Initial commit for QtFlake8Bot\n\nTask-number: QTQAINFRA-6468

author: Daniel Smith <daniel.smith@qt.io> 2024-07-26 10:48:16 +0200
committer: Daniel Smith <daniel.smith@qt.io> 2024-07-26 10:48:16 +0200
commit: f7c6fc29ca6484712086fecb3dc54dddea86f017 (patch)
tree: 6ef558cc06ea24518746fd351a949e2f3839b873 /main.py
1 files changed, 344 insertions, 0 deletions
diff --git a/main.py b/main.py
new file mode 100644
index 0000000..0f71243
--- /dev/null
+++ b/main.py
@@ -0,0 +1,344 @@
+# Copyright (C) 2023 The Qt Company Ltd.
+# Contact: https://www.qt.io/licensing/
+#
+# You may use this file under the terms of the 3-clause BSD license.
+# See the file LICENSE in qt/qtrepotools for details.
+#
+
+""" This script listens for incoming webhook requests of patchset-created type
+    from Gerrit, checks out the patch locally, and runs flakes8 on it.
+    It then posts a comment for each issue identified to Gerrit with the results.
+"""
+
+import json
+import os
+import sys
+import asyncio
+import base64
+import fnmatch
+import atexit
+from urllib.parse import urlparse
+from urllib.request import urlopen, Request
+from urllib.error import HTTPError, URLError
+import logging
+from systemd.journal import JournalHandler
+import tempfile
+
+from aiohttp import web
+
+log = logging.getLogger('flake8_bot')
+log.addHandler(JournalHandler())
+log.setLevel(logging.INFO)
+
+
+GERRIT_USERNAME = os.environ.get('GERRIT_USERNAME')

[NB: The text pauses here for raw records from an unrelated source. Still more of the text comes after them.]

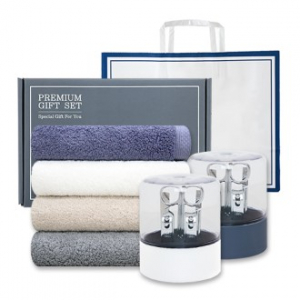 송월 프리미엄 선물 세트 (호텔40수 테일러 + 쓰리세븐 KR-050C 손톱깎이 세트 1P)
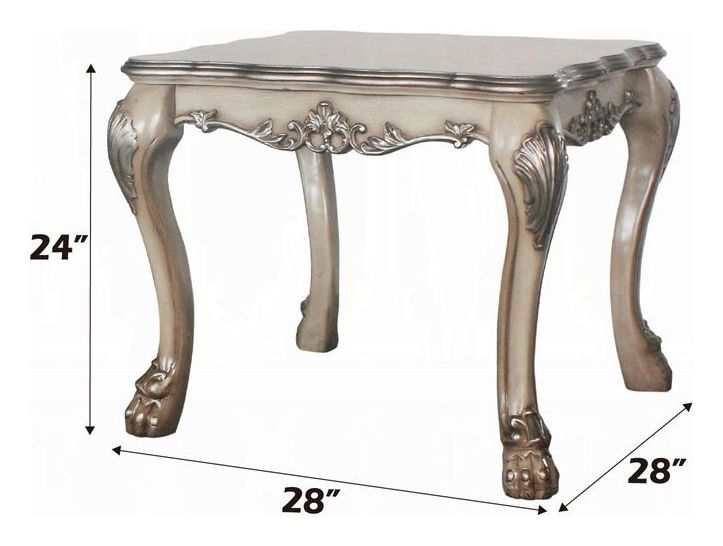 Dresden Vintage Bone White Square End Table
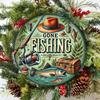 Metal Fishing Sign Rustic Round Wall Decor Waterproof Indoor Outdoor Home Office Bar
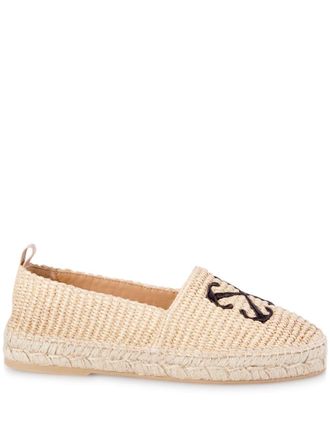 Off-white Arrow raffia espadrilles - women - Cotton/Jute/Rubber/Polyamide/Leather - 36 - Neutrals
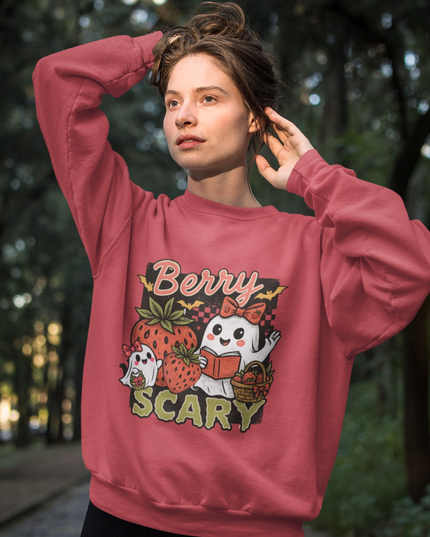 Berry Scary Halloween Sweatshirt – Cute Ghost Strawberry Fall Crewneck, Spooky Season Graphic Pullover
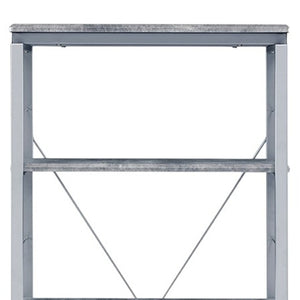 HomeRoots 54" Modern Gray and Silver Metal Wood Etagere Bookcase – Stylish Four-Tier Storage Solution for Any Room 486307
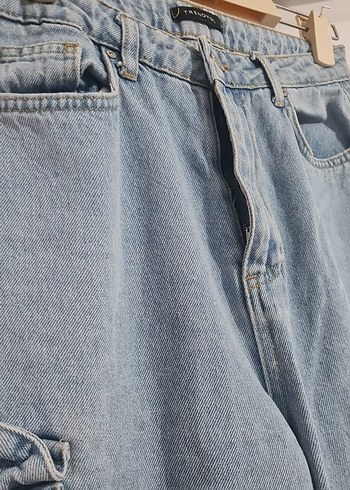 bol kesim Cep Detaylı Mavi Kadın Kot Pantolon - Görsel 8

+GERRIT_PASSWORD = os.environ.get('GERRIT_PASSWORD')
+
+if not GERRIT_USERNAME or not GERRIT_PASSWORD:
+    log.info('Please set the GERRIT_USERNAME and GERRIT_PASSWORD environment variables.')
+    sys.exit(1)
+
+# Base64 encode the username and password
+GERRIT_AUTH = GERRIT_USERNAME + ':' + GERRIT_PASSWORD
+GERRIT_AUTH = GERRIT_AUTH.encode('utf-8')
+GERRIT_AUTH = base64.b64encode(GERRIT_AUTH).decode('utf-8')
+
+class Lock:
+    """ Set up a semaphore-like lock to prevent acting on the git repo while it is in use.
+        This is necessary because the Gerrit webhook is asynchronous, so multiple
+        requests may come in at once.
+    """
+    def __init__(self):
+        self.locked = False
+
+    async def acquire(self):
+        """ Acquire the lock. """
+        while True:
+            if self.locked:
+                await asyncio.sleep(1)
+                continue
+            self.locked = True
+            break  # If the lock is acquired successfully, break the loop
+
+    def release(self):
+        """ Release the lock. """
+        self.locked = False
+
+semaphore = Lock()
+
+async def clone_repo(data):
+    """ Clone the target repo and check out the branch. """
+    log.info("Cloning repo %s", data['change']['project'])
+    if os.path.exists(data['repo_name']):
+        # return if the repo already exists
+        return
+    repo_url = "https://codereview.qt-project.org/" + data['change']['project'] + ".git"
+    # Clone the repo
+    p = await asyncio.create_subprocess_exec('git', 'clone', repo_url, data['repo_name'])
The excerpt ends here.